Copy-on-Write Rootfs: Why MicroVM Create Is O(metadata)
Every PandaStack sandbox gets its own writable disk: a rootfs the guest can scribble on without touching the template it came from. The naive way to give each sandbox that disk is to copy the template's rootfs.ext4 file. But that image is gigabytes. Copying gigabytes off disk for every create would put seconds of I/O on the critical path and defeat the whole point of a 179ms create. So PandaStack doesn't copy the data. It makes a copy-on-write clone with an XFS reflink — a clone that shares the underlying data blocks with the template until something writes to them. The clone is an O(metadata) operation: it writes a little filesystem bookkeeping and returns, in a few milliseconds, regardless of how big the image is. This post is about how that works, why ext4 can't do it, and how the same idea — applied to memory as well as disk — is what makes a fork land in ~400ms.
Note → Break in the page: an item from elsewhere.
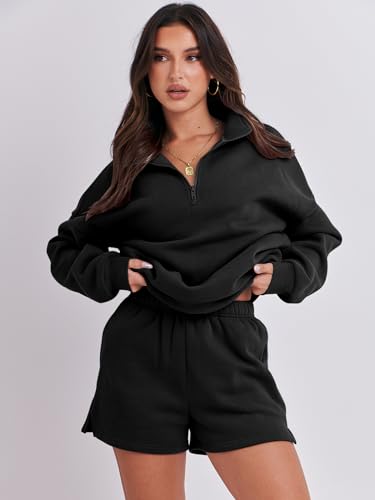 Prinbara 2 Piece Lounge Set For Women Outfits Fall Sweatsuit Fleece Oversized Half Zip Sweatshirt Casual Loose Matching Short Set Loungewear Sweat Set Preppy Clothes Black 7PA75-heise-M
The problem: every sandbox needs its own writable disk
A Firecracker microVM boots off a block device — for PandaStack, an ext4 rootfs image holding Ubuntu 24.04 plus whatever the template baked in. That image is shared, read-only intent: the template is the same for every sandbox spawned from it. But a running guest writes constantly — temp files, package installs, logs, the user's actual work. Two sandboxes from the same template must not see each other's writes, and neither must corrupt the pristine template.
The requirement, then, is: give each sandbox a private, writable view of a multi-gigabyte image, instantly, without duplicating the image. That is precisely the problem copy-on-write was invented for. Instead of copying the data eagerly, you hand out a clone that shares the original's blocks and defers the copy to the moment of first write — and only for the blocks that actually get written.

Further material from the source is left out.